As British Airways and Iberia finally walk down the aisle, European rivals are accelerating their search for the perfect partner to fall in love with. But with a finite number of potential suitors, some will be giving thought to the prospect of being left on the shelf

The bunting is coming out across the UK for April's wedding of the year between future king Prince William and his fiancée Kate Middleton. But by the time those royal nuptials begin, another British icon will already be enjoying the honeymoon period after having finally consummated a much-anticipated and long-expected marriage.

After years playing the field - and a few shattered dreams - British Airways was in danger of being left on the shelf. Then in June 2008 it decided that oneworld partner Iberia was the one, after a decade of courtship. Three years on their International Airlines Group holding structure is in place and the two are already planning a family.

Perhaps this is because while BA and Iberia got engaged early, they are the last down the aisle in the consolidation wave that has gripped Europe over the past two years. While negotiations dragged on against the backdrop of the financial crisis that hit the UK carrier's value and pensions scheme, rivals moved ahead.

Lufthansa embarked on a spending spree that brought Austrian, bmi and Brussels Airlines into its orbit, while Lufthansa Italia and Aerologic further widened its activities. Air France-KLM meanwhile tapped Alitalia as its Italian partner and quietly bolstered its regional business with VLM.

So rather than powering into the lead, IAG, with the pugnacious Willie Walsh at the wheel, is driving flat out to catch its European rivals. Back in the summer of 2008 when the tie-up was announced, it would have been third in the global rankings by revenue behind only Lufthansa and Air France-KLM. But based on last year's Airline Business World Ranking, merger activity elsewhere has pushed the Anglo-Spanish combo down to seventh.

So it is no surprise that Walsh has drawn up his famous wishlist of 12 carriers and repeatedly emphasises IAG's strategic ambition "to provide a platform that is attractive to other like-minded airlines to join us".

While the names on the list are from across the globe, it is perhaps Europe where the consolidation spotlight seems likely to turn.
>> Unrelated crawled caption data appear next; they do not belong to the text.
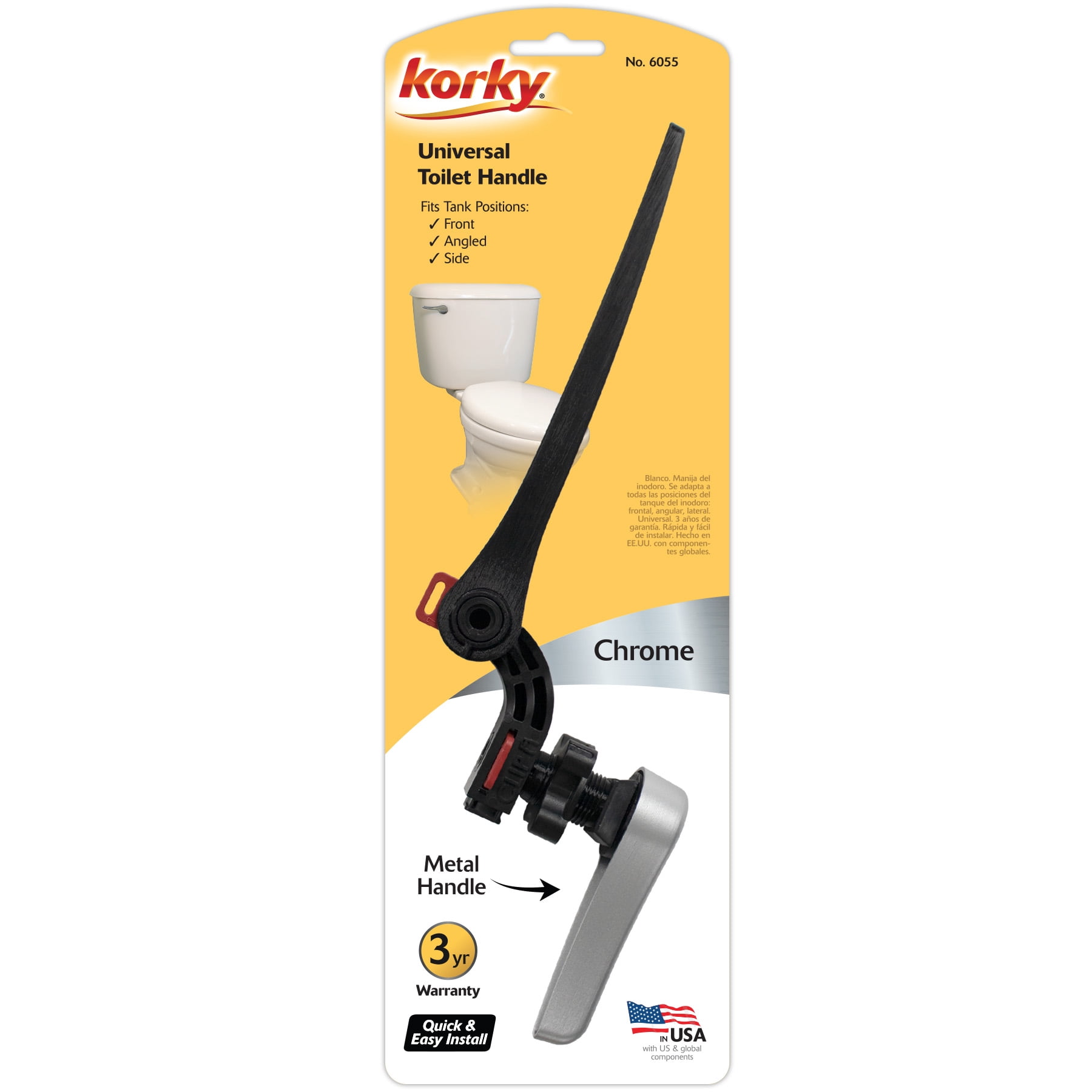 Korky Toilet Handle, Chrome Metal Handle - Tank Lever Replacement - Universal to Fit Front, Angled, and Side Left Mount Toilets - 6055
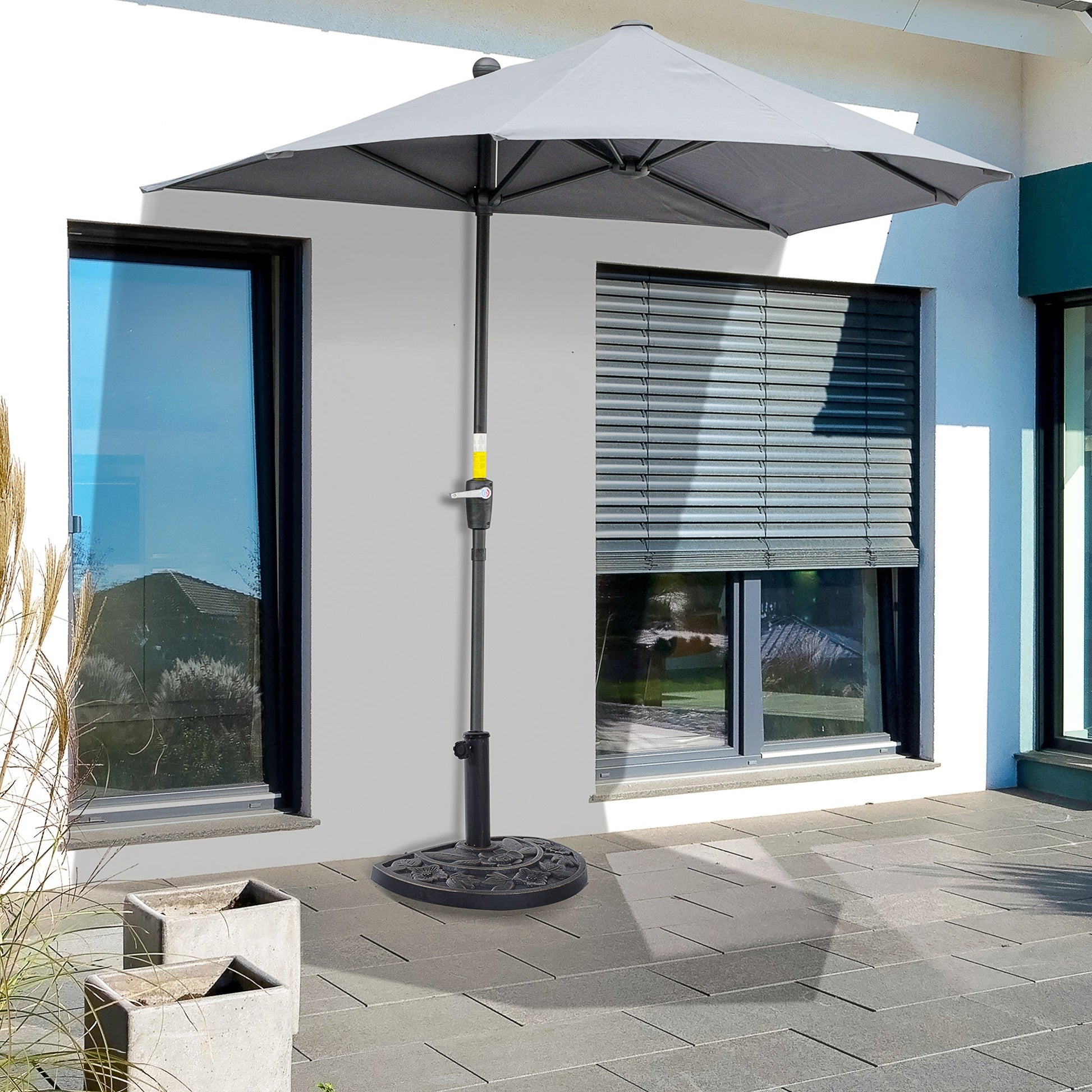 20" Half Round Patio Umbrella Base Outdoor Decorative Resin Parasol Stand Holder For Φ1.5", Φ1.9" Pole, Bronze Umbrella Bases   at Gallery Canada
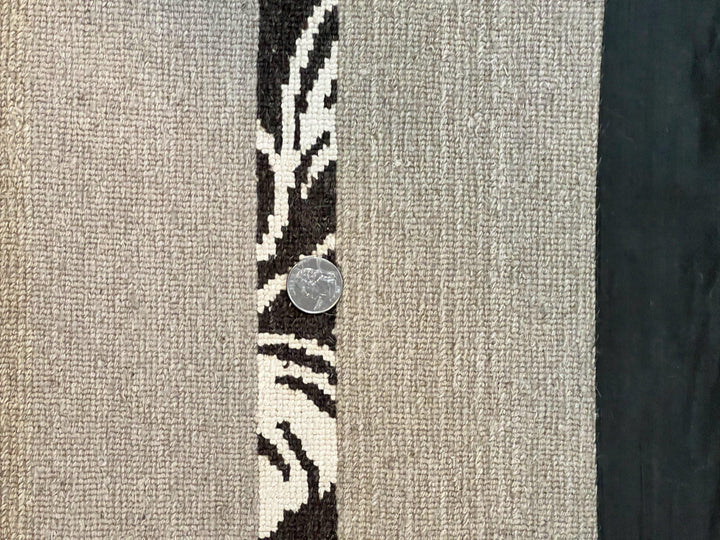Modern Tibetan Nepali Rug 8x12, Stripe Pattern, Wool with Silk Highlights, Handmade, Beige Tan Brown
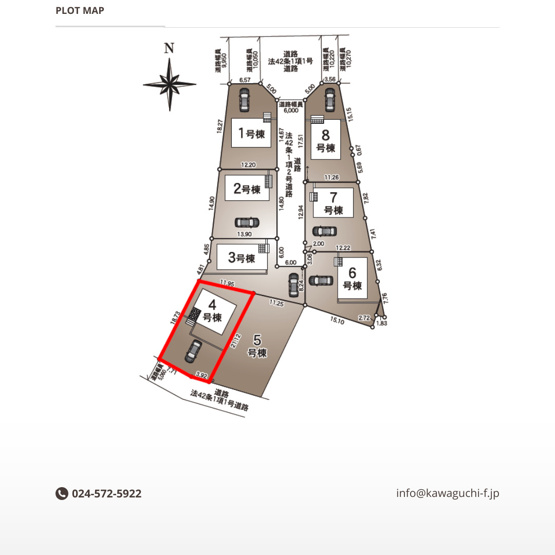 【区画図】 | Cradle garden　郡山市富田町第１９　４号棟 | ★内覧予約で新米2kg★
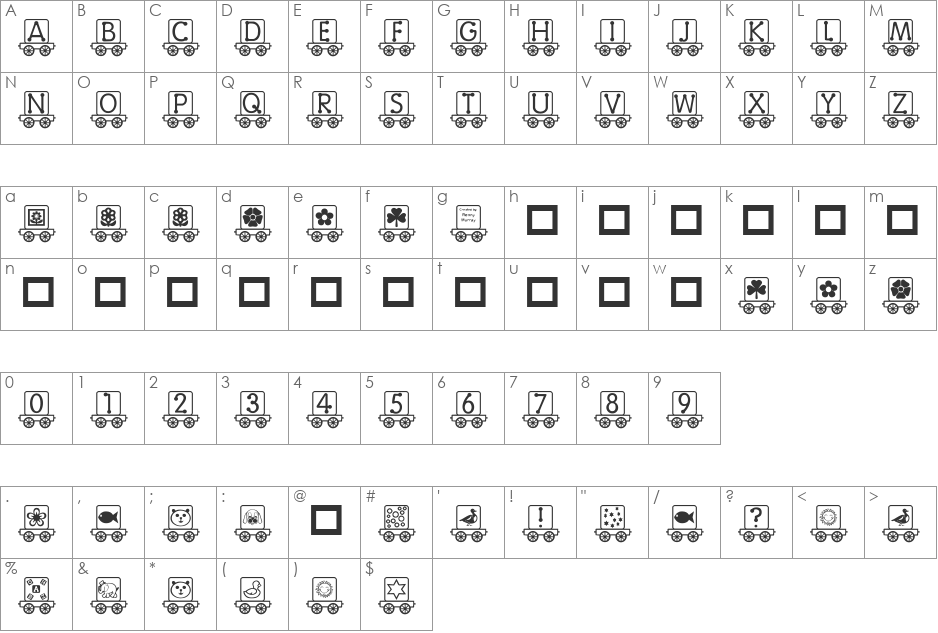RMBlock font character map preview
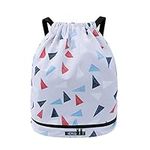 Risefit Waterproof Drawstring Backpack, Swimming Travelling Shopping Gym Bag Nylon Sports Backpack for Men Women Girls Boys (Triangle)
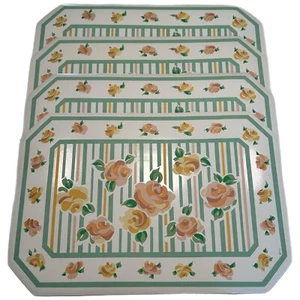 Vintage Town & Country Linen Pink Teal Floral Vinyl Placemats Set Of 4 Country - Picture 1 of 11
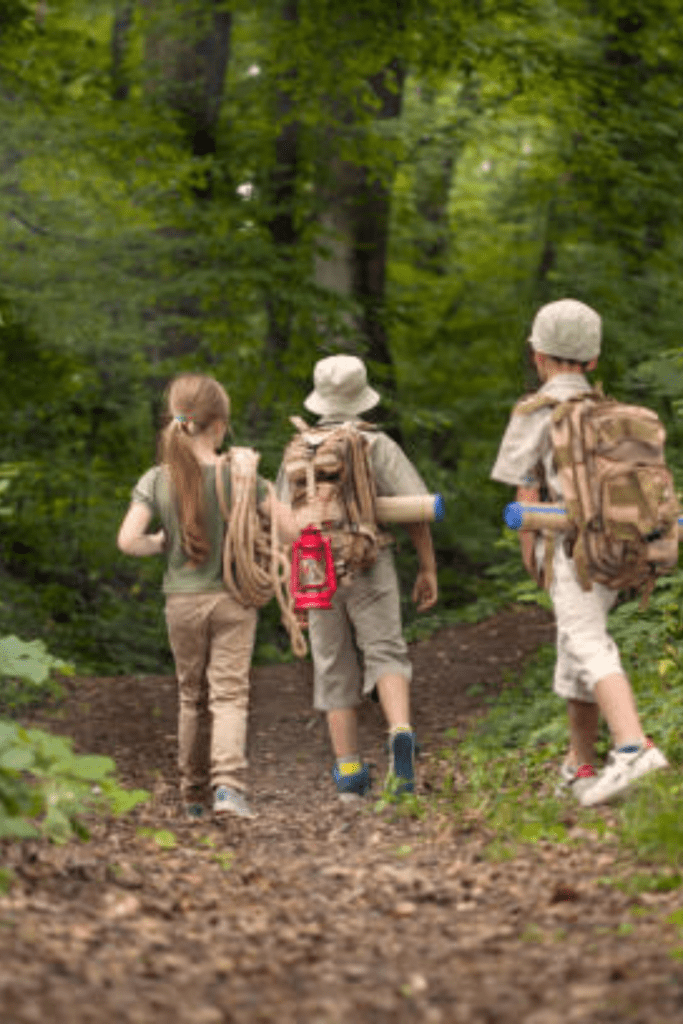 Image illustrates bugout bags for kids.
A number of carriers uninvolved in major consolidation to date, but far from untouched, are being touted to join the game. A host of carriers could be up for sale or seeking an alliance partner this year. But wanting a partner or buyer is one thing. Being sought after is another altogether.

"There is a swathe of carriers that are potentially for sale," notes RBS analyst Andrew Lobbenberg. "But it is not clear what the logic is for a network carrier to be buying them."

As the year begins, attention is already focusing on Virgin Atlantic as it confronts a new reality after Sir Richard Branson lost his long battle against BA's transatlantic tie-up with American Airlines. Virgin has hired Deutsche Bank to review its strategic options and claims there have been several lines of enquiry about tie-ups, prompting speculation on potential suitors. And will Star's Singapore Airlines look to sell its 49% stake in the process?

Speculation continues to surround the likelihood that SAS's Nordic government owners are ready to sell their stake. Star partner Lufthansa has long been tipped as a likely suitor.

Elsewhere in Europe, Poland's LOT heads a number of central European airlines that could be on the block this year. Privatisation also remains in the sights of TAP Portugal.

This consolidation push could be further driven by Europe's economic woes as governments accelerate asset sales to tackle debt. But there is also the airlines' desire to decide their own fates and form strong partnerships that will secure long-term survival - even within a bigger group. But with a finite number of attractive partners, the risk of being forever the bridesmaid will make for anxious times this year.